## AVAILABLE DATA
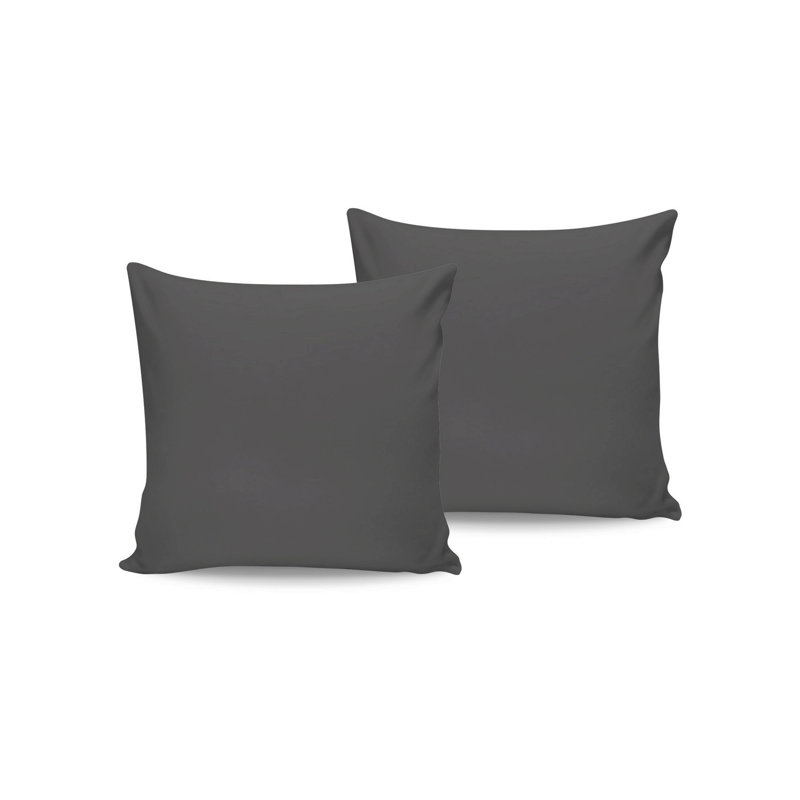 Premium 100% Cotton Pillowcase Set (2 Pieces), 31.5 x 31.5 inches | Soft Ranforce Fabric, Machine Washable at 104°F | Durable and Stylish for Any Bedroom Decor, Perfect Gift Idea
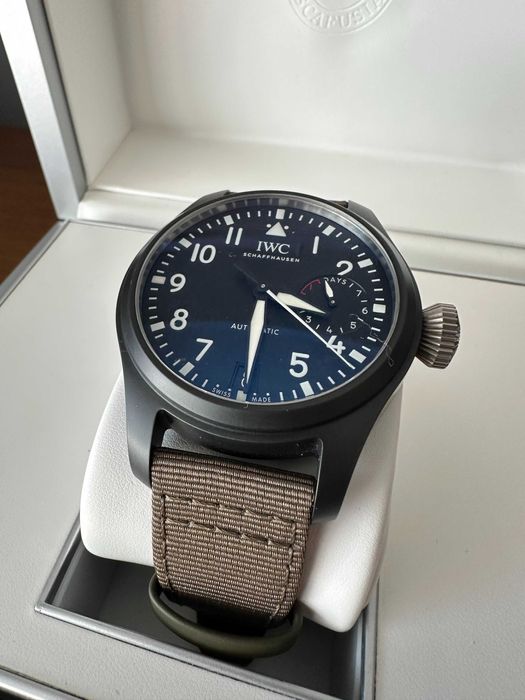 IWC Big Pilot Top Gun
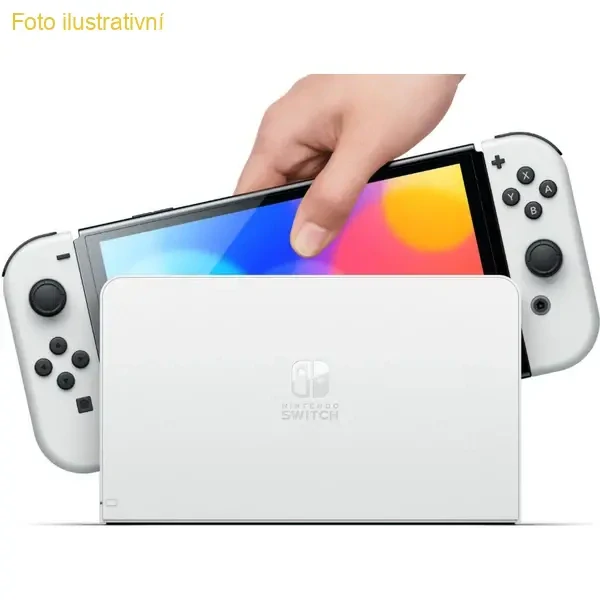 Konzole Nintendo Switch - OLED White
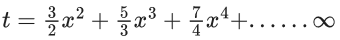 JEE Main Previous year questions (2021-23): Sequences and Series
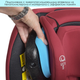 Автокресло детское ME 1081 i-TRUST Red - изображение 12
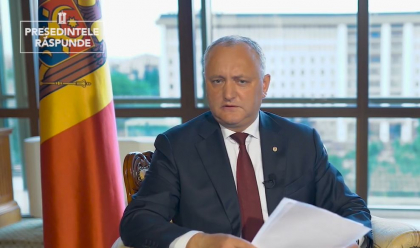Igor Dodon: "Guvernul are o sustinere parlamentara la limita". Trei scenarii propuse se seful statului, dupa ce PSRM-PDM a ramas fara majoritate parlamentara Igor Dodon: "Guvernul are o sustinere parlamentara la limita". Trei scenarii propuse se seful statului, dupa ce PSRM-PDM a ramas fara majoritate parlamentara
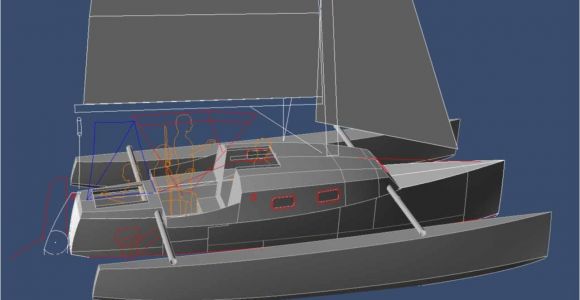 Home Built Trimaran Plans Guide Trailerable Trimaran Designs Jenni Boat Plan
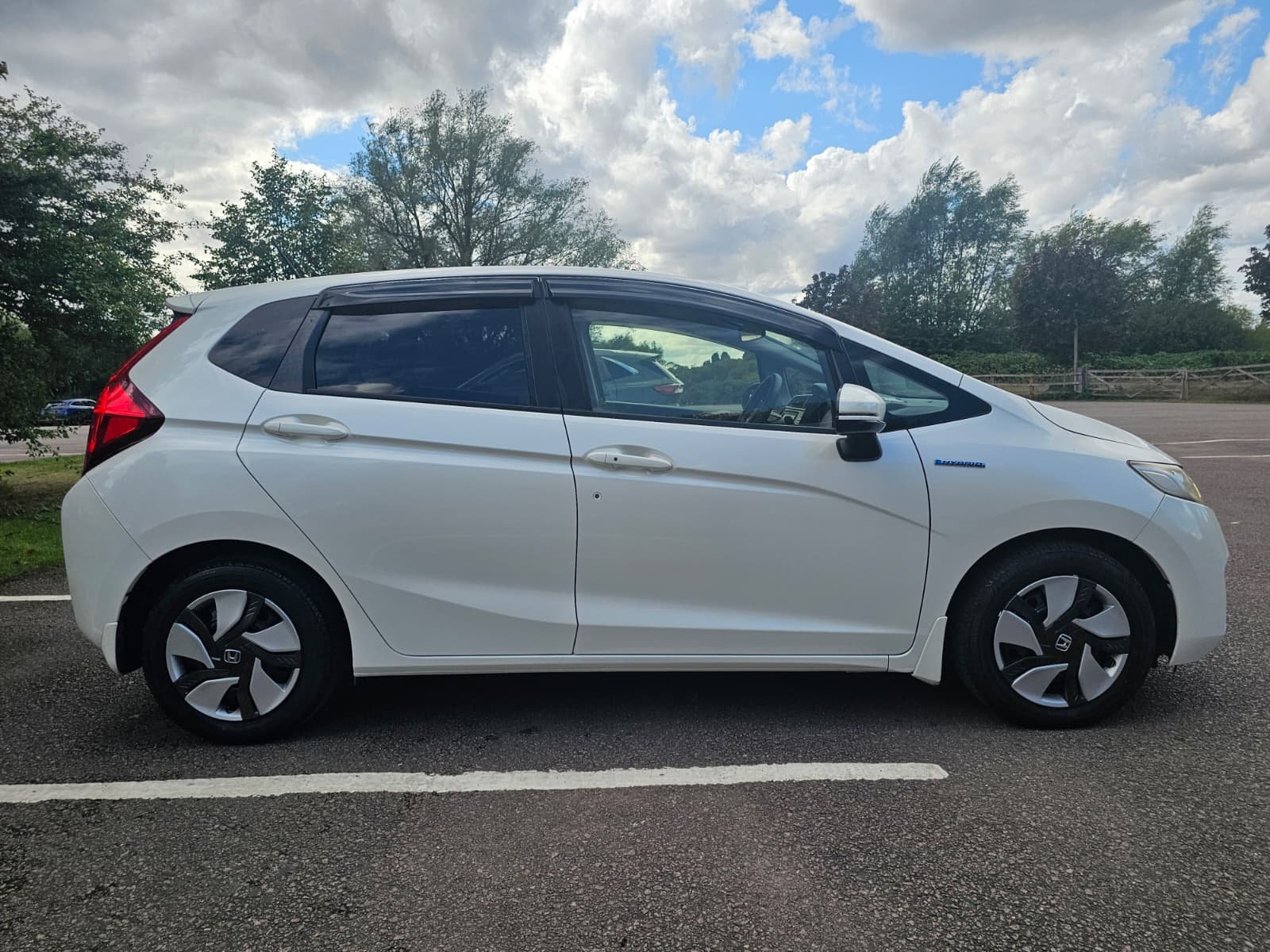 HONDA JAZZ FIT GP5 IMA 1.5 Hybrid S Automatic CVT Hatchback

## TASK PROMPT
The output has to match the data above line for line, except that pictures are dropped.

## EXERCISE OUTPUT
 Premium 100% Cotton Pillowcase Set (2 Pieces), 31.5 x 31.5 inches | Soft Ranforce Fabric, Machine Washable at 104°F | Durable and Stylish for Any Bedroom Decor, Perfect Gift Idea
 IWC Big Pilot Top Gun
 Konzole Nintendo Switch - OLED White
 JEE Main Previous year questions (2021-23): Sequences and Series
 Автокресло детское ME 1081 i-TRUST Red - изображение 12
Igor Dodon: "Guvernul are o sustinere parlamentara la limita". Trei scenarii propuse se seful statului, dupa ce PSRM-PDM a ramas fara majoritate parlamentara Igor Dodon: "Guvernul are o sustinere parlamentara la limita". Trei scenarii propuse se seful statului, dupa ce PSRM-PDM a ramas fara majoritate parlamentara
 Home Built Trimaran Plans Guide Trailerable Trimaran Designs Jenni Boat Plan
 HONDA JAZZ FIT GP5 IMA 1.5 Hybrid S Automatic CVT Hatchback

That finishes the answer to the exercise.